The rebel-held Castello Road, the only route in to the east of the city, has been under constant bombardment from forces loyal to President Bashar al-Assad's government, the Syrian Observatory for Human Rights (SOHR) told CNN.
The UK-based monitoring group estimates that between 200-250,000 people are now prevented from receiving vital supplies of water, food and diesel from outside the city.
The United Nations said Tuesday that it was "deeply concerned" about increased fighting in and around city, saying it "continues to receive distressing reports of aerial bombardment and shelling on civilian locations in both western and eastern Aleppo."
It called for access to be given for aid and the evacuation of civilians.
Anas al-Abdah, President of the opposition Syrian Coalition, told reporters at a press conference in Istanbul Tuesday that it still held the Castello Road route, but if the regime intensifies its siege then it would be "harmful to civilians."
He said the rebel fighters themselves have been largely unaffected.
Fierce fighting between rebel groups and regime forces continued Tuesday -- mostly in the north of the city -- SOHR said, despite a nationwide ceasefire declared by the Syrian Army that expires on Thursday.
Overnight, at least 10 civilians, including children, were killed during shelling and airstrikes in the east of Aleppo, SOHR reported.
On Monday, At least 19 soldiers, security officers and militiamen loyal to the regime were also killed when rebels blew up a tunnel they were using in the old city of Aleppo, SOHR reported, though Syrian state media did not mention the incident.
Rami Abdulrahaman of the SOHR told CNN Tuesday that more of the city was coming under fire.
"Since April 22 the shelling has moved further and further west.

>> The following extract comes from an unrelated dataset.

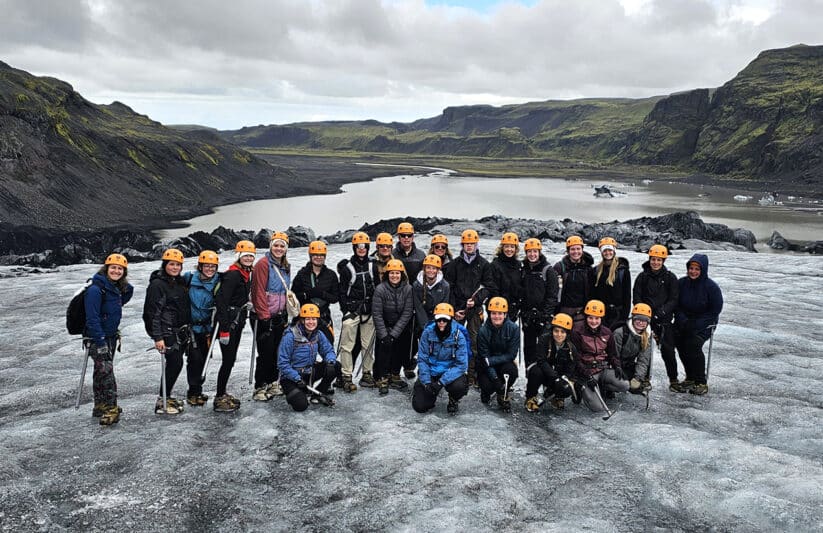 An ACIS group on a glacier in Iceland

Shelling every day, from airstrikes, from bombs, rockets," he said.
He also said the SOHR estimated that 60% of civilian casualties were killed by regime forces, while 40% were attributed to rebel groups.
According to the monitoring group, Aleppo has seen many of its neighborhoods come under fire for 80 consecutive days, with more than 6,000 people -- mainly civilians -- killed or injured. It said rebel-held areas in the east of the city have come under sustained attack by regime artillery and airstrikes, while regime-controlled areas in western neighborhoods have been shelled by rebel and Islamic factions.

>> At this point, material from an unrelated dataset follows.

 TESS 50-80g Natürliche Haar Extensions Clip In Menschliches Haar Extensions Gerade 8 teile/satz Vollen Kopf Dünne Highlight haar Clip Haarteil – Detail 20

Syria has witnessed a number of ceasefires come and go over the past few months. Despite Russia's willingness to support the Assad regime militarily, Moscow and Washington have been working together
to push for a cessation in the violence in Aleppo and surrounding areas.

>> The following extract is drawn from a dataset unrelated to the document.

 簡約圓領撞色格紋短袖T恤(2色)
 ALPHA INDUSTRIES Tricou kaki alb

When asked why this latest ceasefire wasn't being honored, Abdulrahaman suggested these agreements don't include all parties involved in fighting on the ground. The Syrian government says any truce does not apply to "terrorists," a label it has used to describe ISIS and opposition rebels, and that they reserve the right to retaliate to attacks.
But opposition leader Alabdah said the Syrian regime and Russia are to blame for the ceasefire failing to hold, and that "the only path to a sustainable ceasefire is high-level diplomatic talks facilitated by the US, European Union and other world powers."